En el caso que preocupa ahora, se trata del hantavirus de los Andes, presente sobre todo en la Patagonia y el sur de Chile.
Cómo se contagia
Según ha explicado el divulgador, los datos de los brotes observados en Argentina y Chile apuntan a una transmisión por el aire, similar a la de la gripe o los resfriados. Ha matizado, no obstante, que no se trata de un virus "supercontagioso" y que la evidencia disponible sugiere que la capacidad de contagio depende mucho de la carga viral.
Qué pasó en Puyehue
Como referencia, Aparici ha citado el brote de Puyehue, entre noviembre de 2018 y febrero de 2019, en el que enfermaron 34 personas y murieron 11. Ha explicado que tres contagiados concentraron más de la mitad de los casos, en situaciones de mucha gente reunida en espacios reducidos. De ese episodio se deduce un R0 de 2,12, un valor suficiente para sostener una epidemia, pero muy lejos de virus mucho más transmisibles como el sarampión.

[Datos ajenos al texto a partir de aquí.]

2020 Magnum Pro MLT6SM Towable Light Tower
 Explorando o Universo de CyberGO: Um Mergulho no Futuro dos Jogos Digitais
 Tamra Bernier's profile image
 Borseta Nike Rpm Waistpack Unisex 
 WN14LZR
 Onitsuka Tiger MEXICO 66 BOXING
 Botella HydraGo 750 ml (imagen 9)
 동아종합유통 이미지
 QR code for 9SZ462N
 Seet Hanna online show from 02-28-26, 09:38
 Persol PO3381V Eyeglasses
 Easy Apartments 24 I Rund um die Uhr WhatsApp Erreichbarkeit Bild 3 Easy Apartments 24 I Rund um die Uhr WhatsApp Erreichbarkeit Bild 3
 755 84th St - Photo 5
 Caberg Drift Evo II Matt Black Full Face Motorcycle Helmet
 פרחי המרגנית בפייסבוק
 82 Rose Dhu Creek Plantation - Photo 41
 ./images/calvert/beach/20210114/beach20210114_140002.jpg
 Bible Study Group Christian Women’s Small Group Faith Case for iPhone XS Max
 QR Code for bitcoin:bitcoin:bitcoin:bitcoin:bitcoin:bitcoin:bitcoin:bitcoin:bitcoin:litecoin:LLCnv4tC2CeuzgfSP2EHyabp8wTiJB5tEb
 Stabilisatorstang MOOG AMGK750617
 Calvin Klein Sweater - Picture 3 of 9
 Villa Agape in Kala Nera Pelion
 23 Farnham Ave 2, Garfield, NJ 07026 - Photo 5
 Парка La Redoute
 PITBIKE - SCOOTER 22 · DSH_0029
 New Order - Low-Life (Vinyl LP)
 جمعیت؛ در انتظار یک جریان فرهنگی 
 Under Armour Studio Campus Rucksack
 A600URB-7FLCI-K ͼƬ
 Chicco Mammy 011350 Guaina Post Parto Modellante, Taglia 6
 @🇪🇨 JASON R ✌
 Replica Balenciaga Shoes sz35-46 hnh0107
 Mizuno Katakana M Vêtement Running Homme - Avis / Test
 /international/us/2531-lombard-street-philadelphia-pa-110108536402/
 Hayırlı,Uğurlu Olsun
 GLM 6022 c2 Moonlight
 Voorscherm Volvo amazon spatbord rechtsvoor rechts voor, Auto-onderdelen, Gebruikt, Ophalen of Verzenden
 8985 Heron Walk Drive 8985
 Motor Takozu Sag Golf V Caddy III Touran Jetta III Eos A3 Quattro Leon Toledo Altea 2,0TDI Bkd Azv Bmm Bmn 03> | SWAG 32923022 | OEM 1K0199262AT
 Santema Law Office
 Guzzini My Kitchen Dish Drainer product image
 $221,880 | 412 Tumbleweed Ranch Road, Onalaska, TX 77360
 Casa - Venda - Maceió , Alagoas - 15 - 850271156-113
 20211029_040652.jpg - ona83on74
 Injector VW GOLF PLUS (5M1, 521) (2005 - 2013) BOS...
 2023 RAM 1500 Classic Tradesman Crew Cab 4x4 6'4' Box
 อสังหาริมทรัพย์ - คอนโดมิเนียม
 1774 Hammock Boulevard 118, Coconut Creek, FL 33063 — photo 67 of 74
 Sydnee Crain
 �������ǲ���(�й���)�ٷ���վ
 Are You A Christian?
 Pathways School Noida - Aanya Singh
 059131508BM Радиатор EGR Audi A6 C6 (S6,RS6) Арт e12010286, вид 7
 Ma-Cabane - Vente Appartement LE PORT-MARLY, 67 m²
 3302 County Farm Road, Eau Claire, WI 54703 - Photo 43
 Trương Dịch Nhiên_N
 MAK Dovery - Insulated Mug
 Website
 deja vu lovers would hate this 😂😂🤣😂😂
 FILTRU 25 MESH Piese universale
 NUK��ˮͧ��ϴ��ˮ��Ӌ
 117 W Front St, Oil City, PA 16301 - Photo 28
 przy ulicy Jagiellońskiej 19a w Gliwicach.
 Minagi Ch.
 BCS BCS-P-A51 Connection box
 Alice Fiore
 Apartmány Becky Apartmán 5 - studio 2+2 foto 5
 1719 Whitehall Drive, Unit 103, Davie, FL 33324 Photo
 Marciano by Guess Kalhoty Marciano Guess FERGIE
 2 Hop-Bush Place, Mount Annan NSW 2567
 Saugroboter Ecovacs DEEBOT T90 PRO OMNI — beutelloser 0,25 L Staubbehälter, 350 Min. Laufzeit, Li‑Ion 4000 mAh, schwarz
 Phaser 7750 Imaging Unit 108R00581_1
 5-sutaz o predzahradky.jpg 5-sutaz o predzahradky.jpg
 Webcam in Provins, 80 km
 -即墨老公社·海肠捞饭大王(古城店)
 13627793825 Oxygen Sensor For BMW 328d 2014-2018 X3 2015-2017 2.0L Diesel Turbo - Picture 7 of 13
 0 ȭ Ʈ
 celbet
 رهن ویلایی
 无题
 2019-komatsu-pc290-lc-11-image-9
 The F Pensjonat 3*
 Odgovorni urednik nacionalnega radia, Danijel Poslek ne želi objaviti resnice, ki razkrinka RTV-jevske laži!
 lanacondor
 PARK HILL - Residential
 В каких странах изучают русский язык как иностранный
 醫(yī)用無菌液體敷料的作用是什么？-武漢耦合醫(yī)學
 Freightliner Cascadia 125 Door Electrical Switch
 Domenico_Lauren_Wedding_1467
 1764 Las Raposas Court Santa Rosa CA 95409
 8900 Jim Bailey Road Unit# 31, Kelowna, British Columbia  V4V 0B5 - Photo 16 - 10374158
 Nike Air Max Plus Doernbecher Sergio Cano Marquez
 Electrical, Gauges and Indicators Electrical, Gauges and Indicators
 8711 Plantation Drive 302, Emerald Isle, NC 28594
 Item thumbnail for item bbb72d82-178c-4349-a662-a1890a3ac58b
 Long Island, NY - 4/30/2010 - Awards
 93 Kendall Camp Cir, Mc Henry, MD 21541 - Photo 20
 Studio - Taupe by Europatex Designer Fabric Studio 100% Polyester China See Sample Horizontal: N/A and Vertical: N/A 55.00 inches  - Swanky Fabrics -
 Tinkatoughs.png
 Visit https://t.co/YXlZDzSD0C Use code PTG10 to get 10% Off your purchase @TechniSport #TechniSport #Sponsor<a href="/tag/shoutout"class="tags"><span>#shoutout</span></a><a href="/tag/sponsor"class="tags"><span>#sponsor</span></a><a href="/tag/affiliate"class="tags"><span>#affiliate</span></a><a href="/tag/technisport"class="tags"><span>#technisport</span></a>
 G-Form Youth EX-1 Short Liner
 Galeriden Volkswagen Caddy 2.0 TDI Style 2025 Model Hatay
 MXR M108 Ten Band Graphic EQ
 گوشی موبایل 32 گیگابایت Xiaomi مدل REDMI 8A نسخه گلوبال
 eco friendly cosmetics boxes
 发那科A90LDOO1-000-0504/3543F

El aislamiento fue decisivo
El científico ha sostenido que el brote se contuvo gracias al aislamiento de los enfermos y al seguimiento de sus contactos. También ha apuntado que, con los datos disponibles, los asintomáticos podrían no ser contagiosos, porque la transmisión parecería requerir una carga viral alta, algo que suele ir asociado a la aparición de síntomas.